Minggu, 29 Januari 2012

Teori Kerjasama dan Persaingan Kelompok


Perbedaan kerjasama dan persaingan sesungguh nya  terletak pada sifat wilayah-wilayah tujuan pada kedua situasi tersebut. Dalam situasi kerjasama, wilayah yang menjadi tujuan dari seorang anggota kelompok atau sub kelompok hanya dapat dimasuki oleh individu atau oleh sub-sub kelompok yang bersangkutan jika individu-individu lain atau sub kelompok lain juga bisa memasuki wilayah tujuan itu. Kemudian terdapat Teori yang  dikembangkan oleh Deutsch (1949) dan didasarkan pada Teori Lapangan dari Kurt Lewin. Pusat perhatian teori ini adalah pengaruh dan kerja sama (cooperation) dan persaingan (competition) dalam kelompok kecil.

A.    Konsep teori kerjasama dan persaingan
Teori ini dikembangkan oleh Deutsch (1949) dan didasarkan pada Teori Lapangan dari Kurt Lewin. Pusat perhatian teori ini adalah pengaruh dan kerja sama (cooperation) dan persaingan (competition) dalam kelompok kecil. Perbedaan antara kerja sama dan persaingan menurut Deutsch ter­letak pada sifat wilayah-wilayah tujuan pada kedua situasi tersebut. Dalam situasi kerja sama, wilayah yang menjadi tujuan dari seorang anggota kelompok atau subkelompok hanya dapat dimasuki oleh individu atau oleh sub-sub kelompok yang bersangkutan jika individu-individu lain atau subkelompok lain juga bisa memasuki wilayah tujuan itu. Wilayah­ wilayah tujuan dari anggota-anggota kelompok itu dikatakan sebagai saling menunjang (promotively interdependent goals).
Dalam situasi persaingan, kalau seorang individu atau suatu sub­kelompok sudah memasuki wilayah tujuan, maka individu-individu atau sub-subkelompok yang lain tidak akan bisa mencapai wilayah tujuan mereka masing-masing. Hubungan antara wilayah-wilayah tujuan ang­gota-anggota kelompok dinamakan saling menghambat (contriently interdependent goals). Dengan demikian, orang-orang dalam situasi di mana wilayah-wilayah tujuannya saling menunjang akan berlokomosi bersama-sama ke arah wilayah tujuan termaksud, sedangkan orang-orang dalam situasi yang wilayah tujuannya saling menghambat akan berlokomosi sedemikian rupa sehingga orang lain dalam kelompoknya tidak mencapai wilayah tujuan masing-masing.

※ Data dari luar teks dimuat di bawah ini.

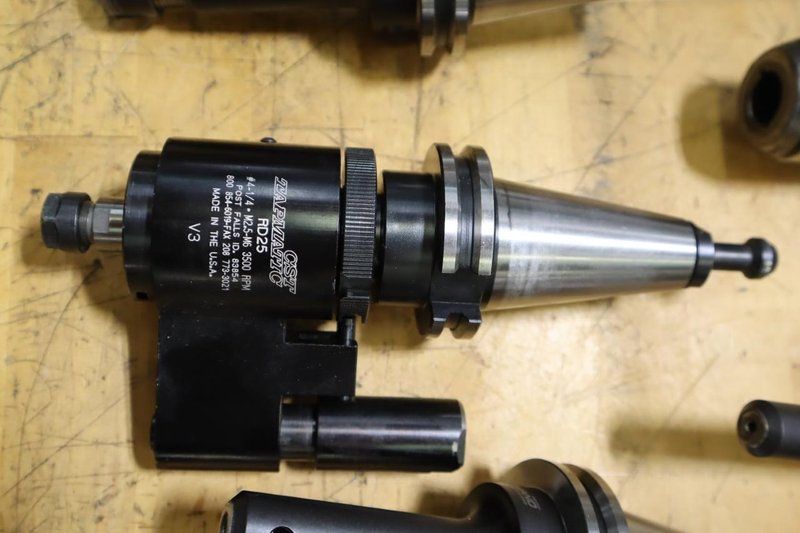 Command CT 40 Taper Tool Holders: (1) Tapmatic Head, (1) ER20 Collet Holder, (9) End Mill Holders- Auction Item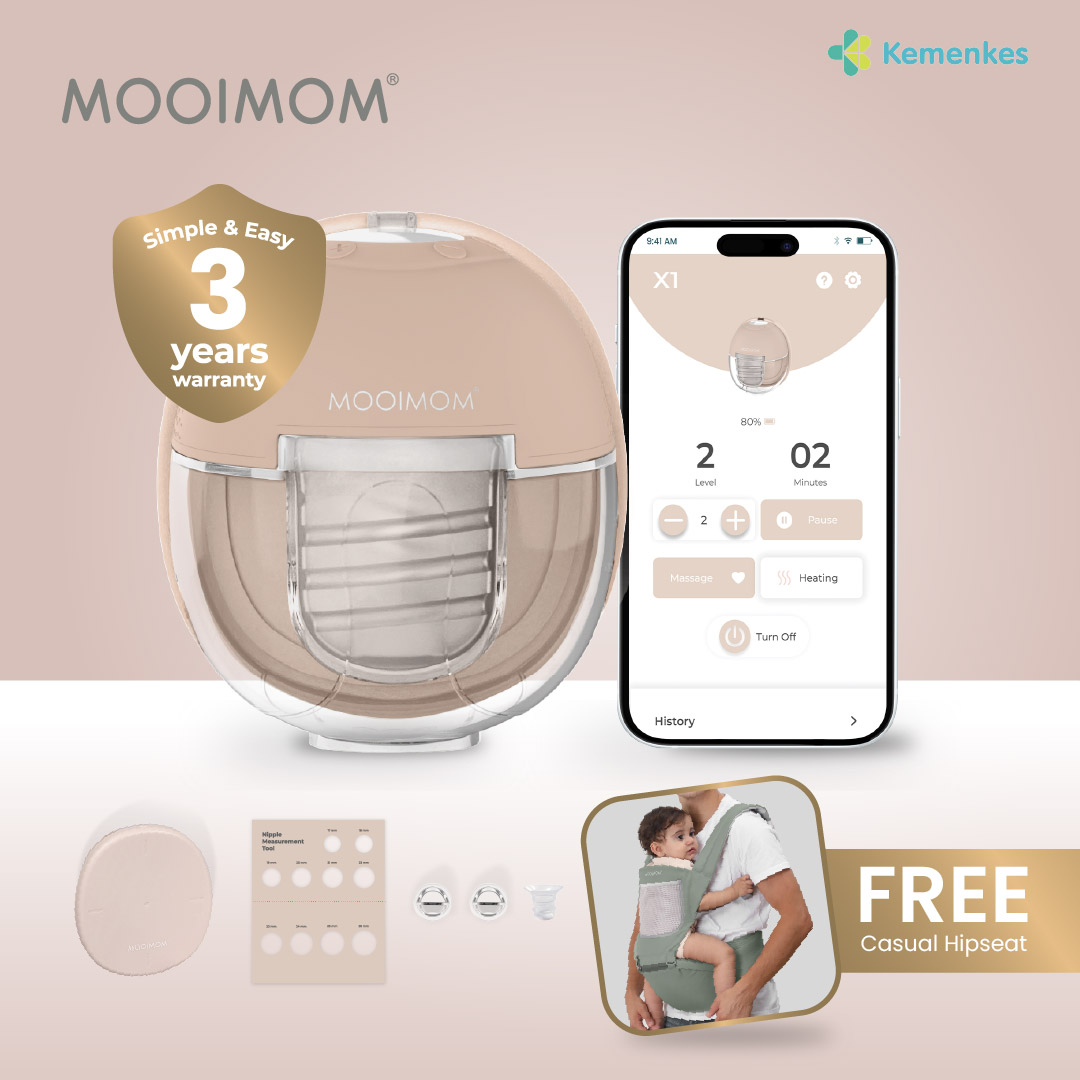 MOOIMOM X1 Ultra Smart Hands Free Electric Breast Pump 1 Pcs - Pompa ASI Elektrik Hands-Free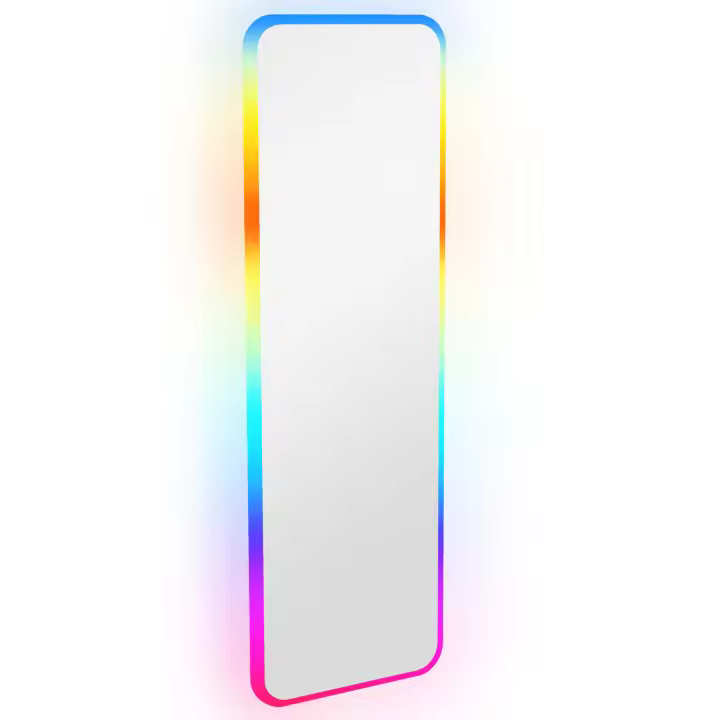 HOMCOM Espejo de Cuerpo Entero con Luces LED 120x40 cm Espejo Rectangular de Pared Ajustable con Iluminación de 7 Colores RGB y Función de Memoria para Dormitorio Vestidor - 1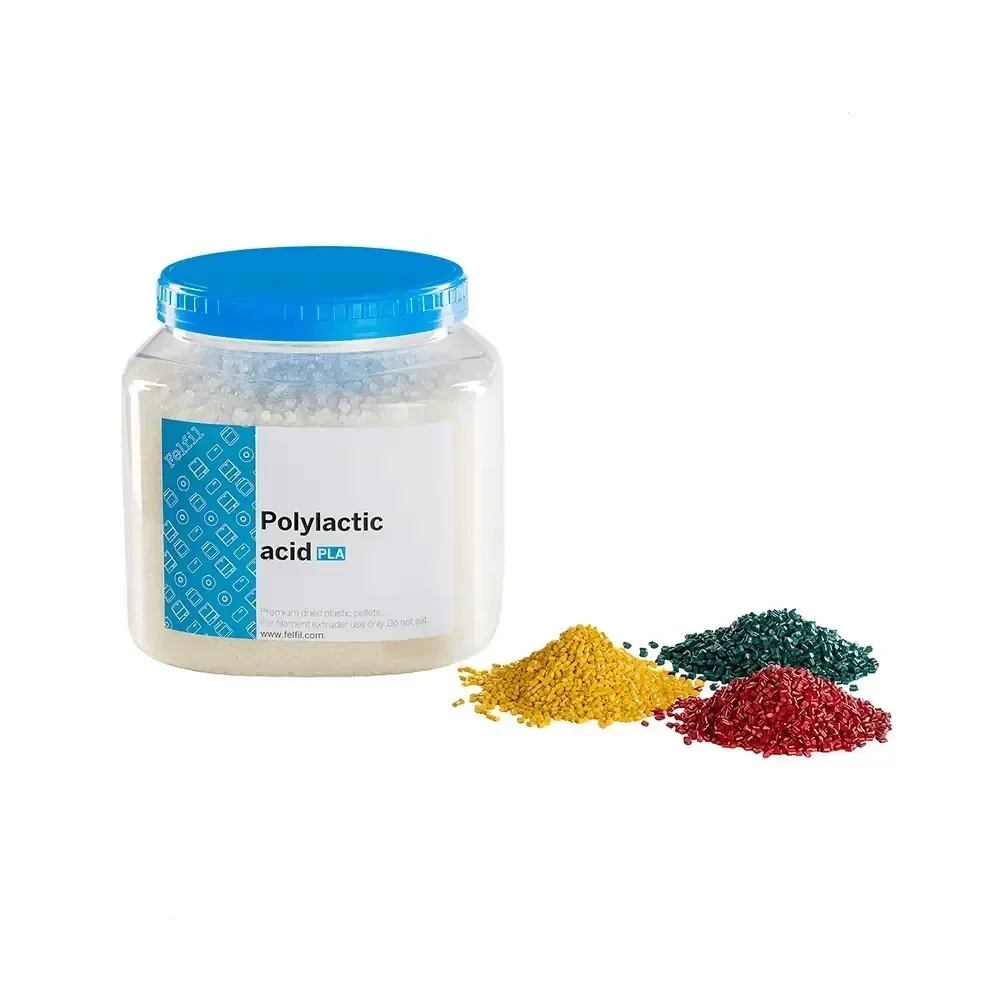 Barattolo di pellet PLA per stampa 3D con campioni colorati giallo, verde e rosso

B.     Hipotesis – hipotesis dari konsep teori kerjasama dan persaingan
              Berdasarkan definisi dan dampak kerja sama dan persaingan ter­sebut di atas, Deutsch membuat sejumlah hipotesis sebagai berikut:
1)      Individu-individu dalam situasi kerja sama akan melihat diri mereka sendiri saling mendukung clan individu-individu dalam situasi per­saingan akan melihat diri mereka sendiri saling menghambat.

2)      Tindakan substitusi lebih banyak terjadi dalam situasi kerja sama daripada situasi persaingan (substitusi berarti tindakan seseorang dapat digantikan oleh tindakan orang lain; tidak perlu dua orang melakukan tindakan yang sama).

3)      Lebih banyak tindakan yang dipandang positif (menyenangkan) oleh anggota-anggota lain dalam kelompok kerja sama daripada dalam kelompok persaingan.
3a) Lebih banyak tindakan yang dipandang negatif (tidak menye­   nangkan) oleh anggota-anggota lain dalam kelompok persa­ingan daripada dalam kelompok kerja sama.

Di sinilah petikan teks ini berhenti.